***** PROVIDED ENTRIES *****
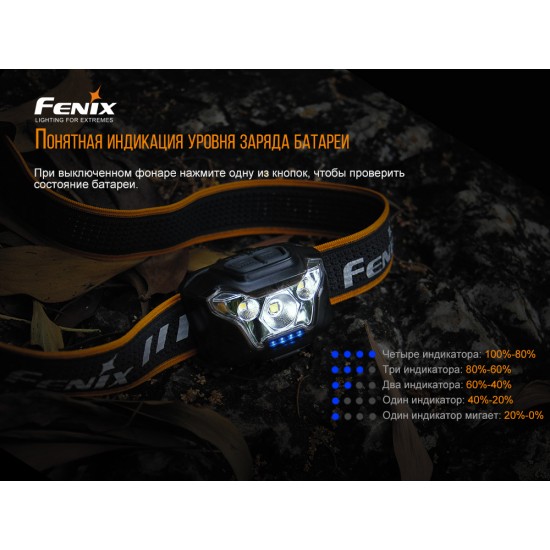 Налобный фонарь Fenix HL18RW черный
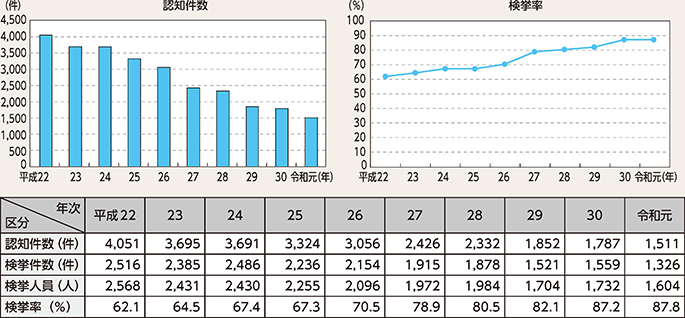 図表2-7　強盗の認知・検挙状況の推移（平成22～令和元年）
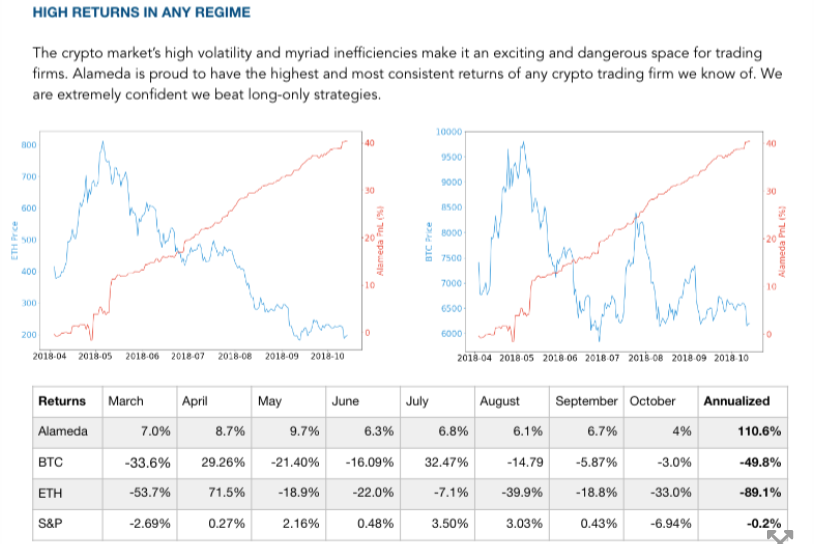 Rétrospectivement, les promesses d'Alameda Research apparaissent un peu trop belles pour être vraies. Ce document montre un rendement supposé de 110% sur moins d'un an qui a du faire rêver plus d'un investisseur.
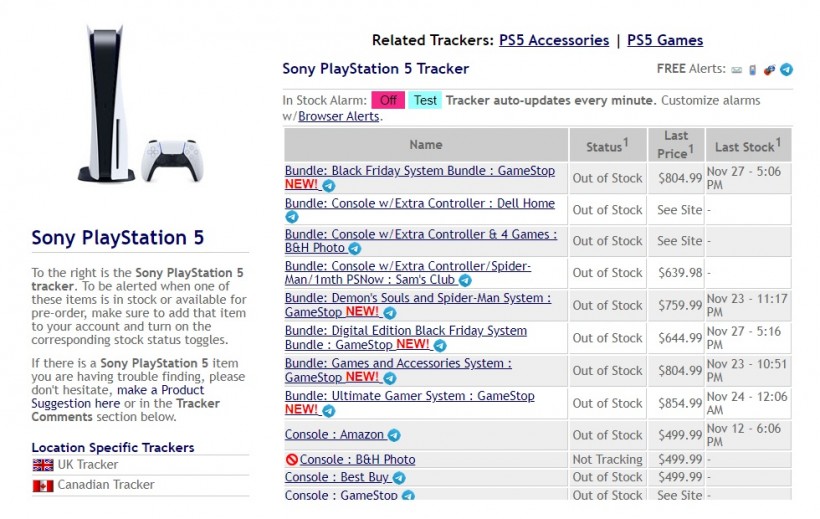 Best PS5 Stock Tracker Apps and Websites 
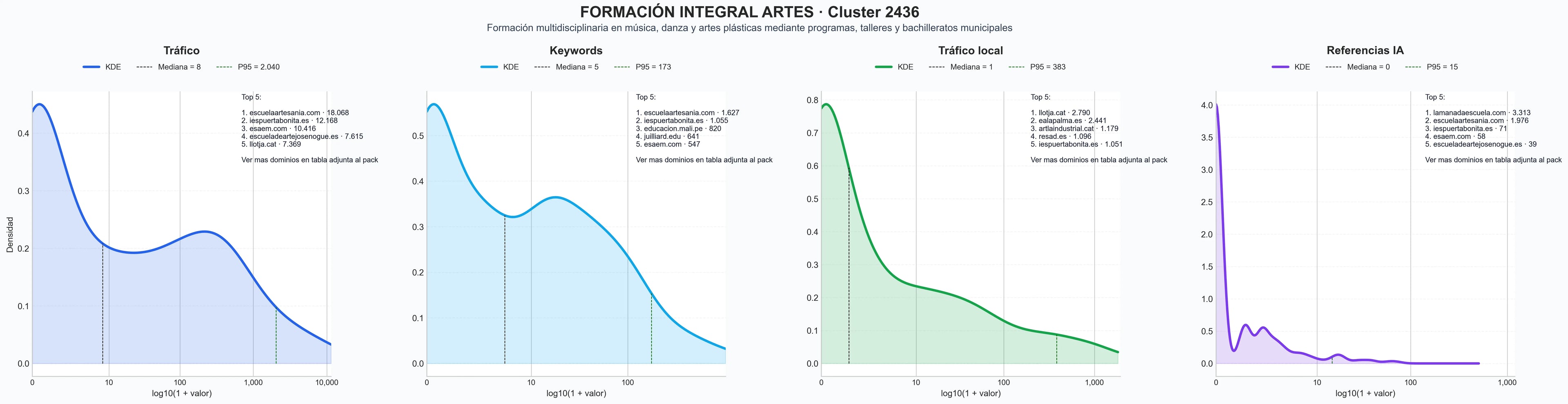 analisis de la competencia relativa formación artística, escuelas de artes, cursos de interpretación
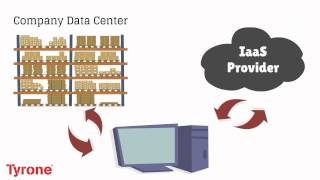 Building Blocks of Cloud Computing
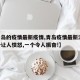 【青岛的疫情最新疫情,青岛疫情最新消息!一个让人愤怒,一个令人振奋!】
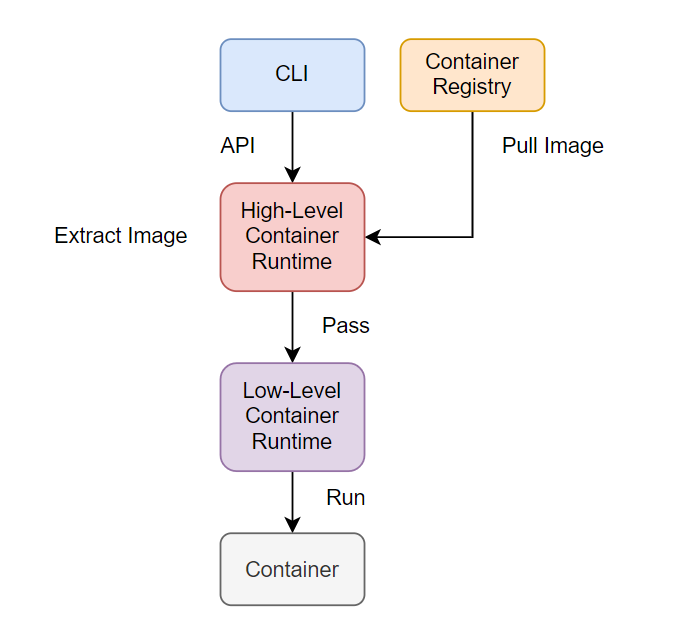 Deep into Container — Deep into Container Runtime | by Quân Huỳnh | Medium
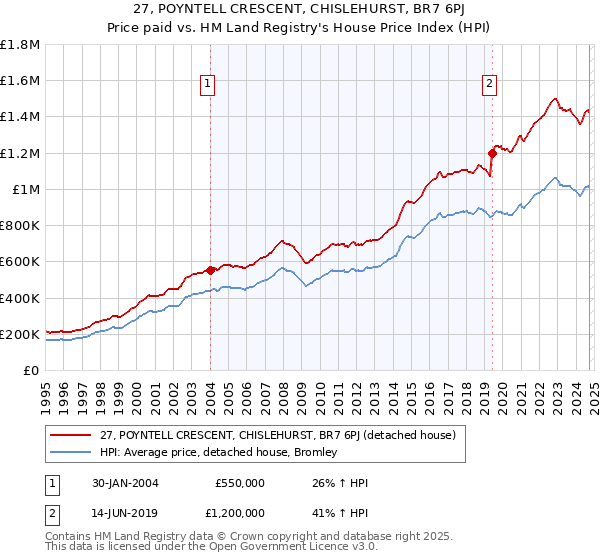 27, POYNTELL CRESCENT, CHISLEHURST, BR7 6PJ: Price paid vs HM Land Registry's House Price Index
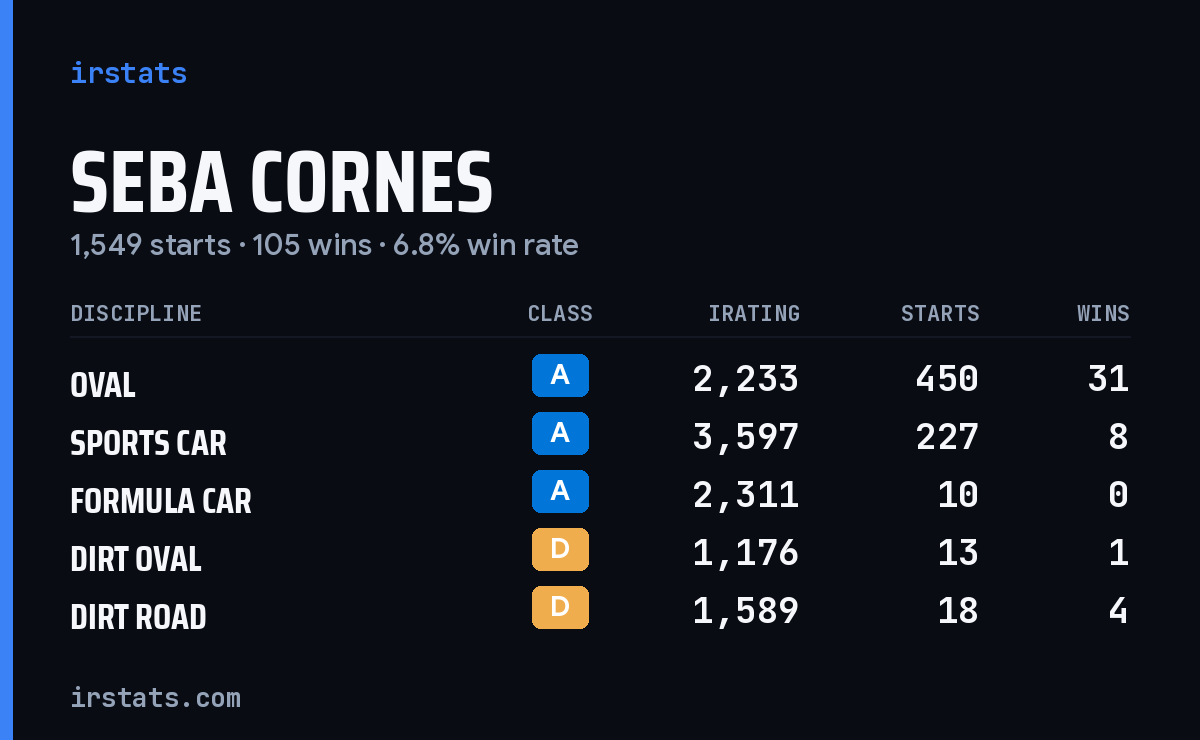 Loading... iRacing stats card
*****
The entries above should be written out in full, and any picture in them left out.

### ANSWER
 Налобный фонарь Fenix HL18RW черный
 図表2-7　強盗の認知・検挙状況の推移（平成22～令和元年）
 Rétrospectivement, les promesses d'Alameda Research apparaissent un peu trop belles pour être vraies. Ce document montre un rendement supposé de 110% sur moins d'un an qui a du faire rêver plus d'un investisseur.
 Best PS5 Stock Tracker Apps and Websites 
 analisis de la competencia relativa formación artística, escuelas de artes, cursos de interpretación
 Building Blocks of Cloud Computing
 【青岛的疫情最新疫情,青岛疫情最新消息!一个让人愤怒,一个令人振奋!】
 Deep into Container — Deep into Container Runtime | by Quân Huỳnh | Medium
 27, POYNTELL CRESCENT, CHISLEHURST, BR7 6PJ: Price paid vs HM Land Registry's House Price Index
 Loading... iRacing stats card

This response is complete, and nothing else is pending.